Had Vans and those gripped ok and it was flexy which isn't really good for my flat feet. I've been using Freerider since last year and it grips much better and sole is harder so it helps with pedaling and my feet.

Even if Vans last longer, Freerider is the way to go.


----------



## b rock (Jan 5, 2017)

ericzamora said:


> ...i picked up a pair of Freerider Pros and i find they grip my Chesters so well, i have a hard time repositioning my foot once i'm moving.


Finding the same, but otherwise can't complain. I will try the Contacts next time, if these ever wear out before I do.
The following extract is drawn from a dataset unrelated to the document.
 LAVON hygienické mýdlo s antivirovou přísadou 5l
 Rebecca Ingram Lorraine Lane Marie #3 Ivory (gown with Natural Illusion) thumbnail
One thing to consider in the comparison is the stiffness of the sole. Vans probably flex more, which means wasted effort pedaling.

Also, if you have a light colored bike, the rubber from 5 10 soles will mark it up if you rub your shoe on it by accident, which happens to me a lot.


----------



## HaxEJxuK (Jul 28, 2011)

Hahaha I remember first time I took road trail ride with my son. I was on Freerider and OneUp composite pedal. I was doing track stand at the light and wanted to put my right feet down. Silly me, I couldn't get it out and fell like if I had a clipless I couldn't get out.

I've gotten better since than and it's no issue but it was that sticky.


----------